Ridwan menilai ekosistem industri nikel belum sepenuhnya mendukung transisi energi bersih karena pengolahan nikel masih mengandalkan captive power batu bara yang menghasilkan emisi gas rumah kaca tinggi. Dari kapasitas 18 gigawatt (GW) pembangunan PLTU yang direncanakan pemerintah, 13 GW untuk mendukung industri nikel.
“Akuntabilitas dan transparansi data perlu ditingkatkan agar penghiliran nikel selaras dengan tujuan transisi energi bersih. Ini penting kolaborasi dan koordinasi multi pihak baik pemerintah, industri tambang nikel dan pengolahannya, serta masyarakat sipil untuk memastikan kepentingan ekonomi, perlindungan sosial, dan lingkungan dapat berjalan bersama,” ujarnya dikutip Selasa (28/1/2025).

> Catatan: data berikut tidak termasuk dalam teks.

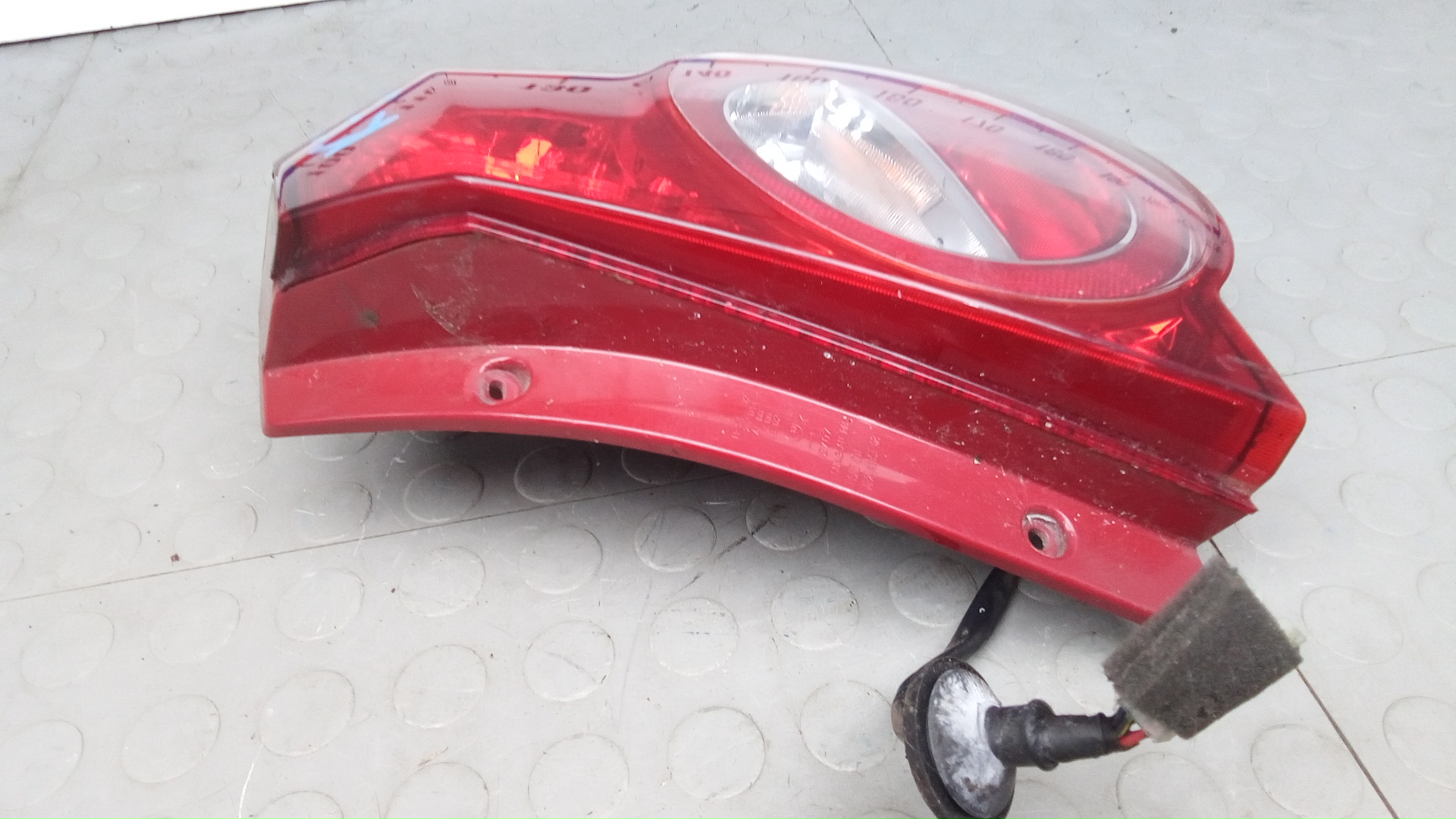 Фонарь задний правый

Deputi Direktur Industri Hijau Kementerian Perindustrian Taufik Achmad menuturkan smelter nikel akan menunjang transisi energi. Namun, dalam prosesnya terdapat teknologi yang digunakan untuk menekan pencemaran.
“Geliat penghiliran ini masih didominasi sektor energi. Untuk sektor manufaktur dan industri pengolahan nonmigas saat ini masih belum tersentuh,” katanya.

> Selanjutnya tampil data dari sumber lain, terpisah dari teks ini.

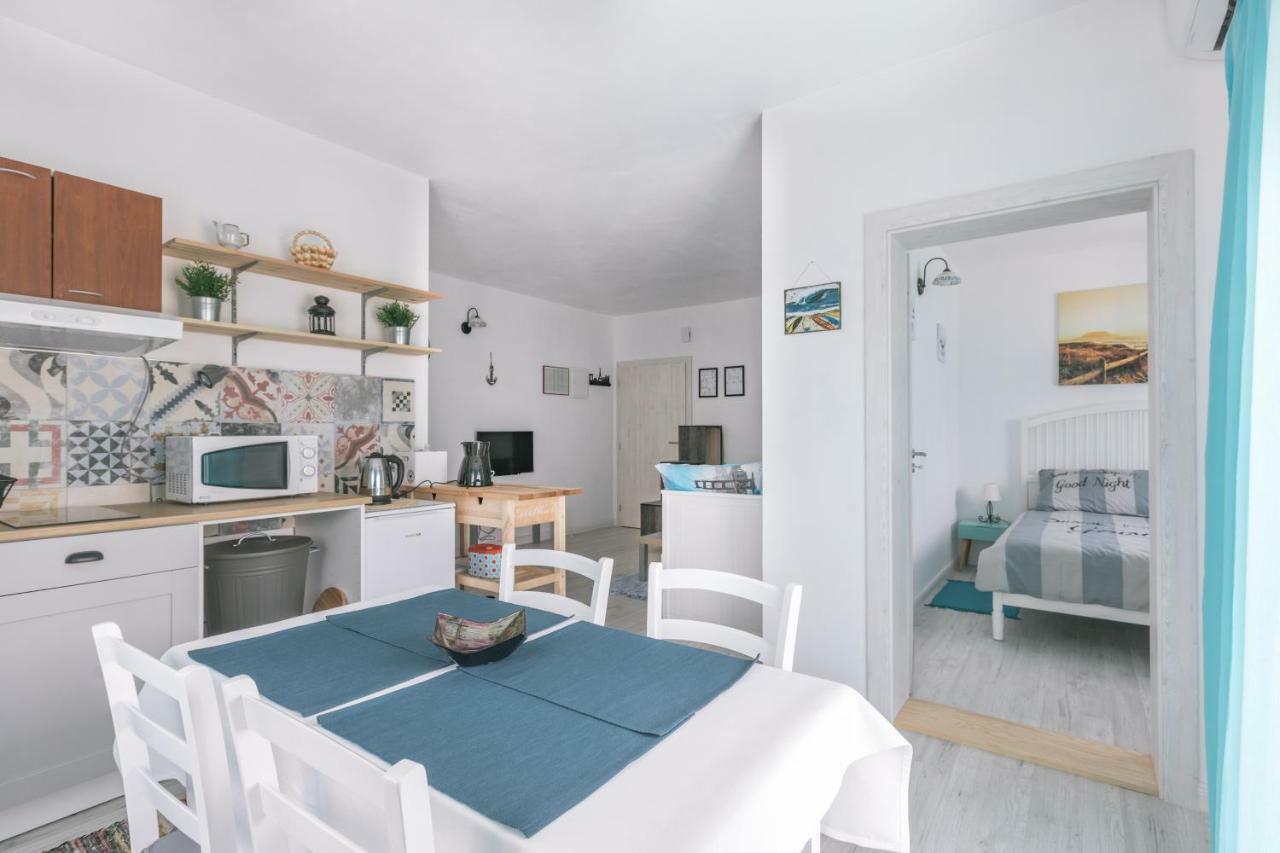 Appartamento Hedon-Stone Starigrad Paklenica Esterno foto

Selain menunjang transisi energi, keberadaan smelter nikel berpotensi pada terciptanya green jobs yang tidak hanya untuk smelter tetapi menciptakan green jobs di berbagai industri manufaktur yang berkaitan dengan nikel.
Critical Minerals Transition Project Lead WRI Indonesia Reza Rahmaditio menuturkan kebutuhan energi yang besar dalam smelter apabila digantikan dengan energi baru terbarukan (EBT) tentu akan menciptakan green jobs tidak hanya di smelter itu sendiri.

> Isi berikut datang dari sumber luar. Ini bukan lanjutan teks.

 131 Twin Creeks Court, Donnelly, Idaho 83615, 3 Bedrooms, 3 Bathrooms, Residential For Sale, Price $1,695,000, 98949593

“Untuk memenuhi kebutuhan EBT di smelter, diperlukan berbagai manufaktur yang menghasilkan EBT. Misalnya, manufaktur solar panel, wind turbine, dan manufaktur low carbon lainnya,” ucapnya.
Sementara itu, Presiden Konfederasi Serikat Buruh Seluruh Indonesia Elly Rosita Silaban berpendapat pemerintah seharusnya tidak hanya menjelaskan kebijakan yang berkaitan dengan penutupan pertambangan karena isu kerusakan lingkungan tetapi juga berfokus pada pekerjanya. Pemerintah perlu melakukan sosialisasi masif untuk para pekerja bertransisi pada pekerjaan ramah lingkungan.
“Pemerintah perlu melihat upah pekerja di industri nikel saat ini jauh lebih rendah dari biaya hidup di sana. Green jobs menciptakan jutaan lapangan pekerjaan dari transisi energi. Namun, pernahkah pemerintah melihat berapa persen pekerja yang sudah memahami isu ini? Lalu, bagaimana dengan ketersediaan infrastruktur atau skill yang dipersiapkan untuk pekerjaan ini?. Pemerintah juga tidak pernah menjelaskan bagaimana peran dan peluang yang bisa diambil pekerja, nyatanya masih banyak pengangguran,” tuturnya.
Menurut Elly, diperlukan perlindungan hak dan keselamatan kerja, peningkatan keterampilan, pengembangan ekosistem tenaga kerja, advokasi dan dialog sosial, serta perlindungan sosial dan intensif untuk green jobs.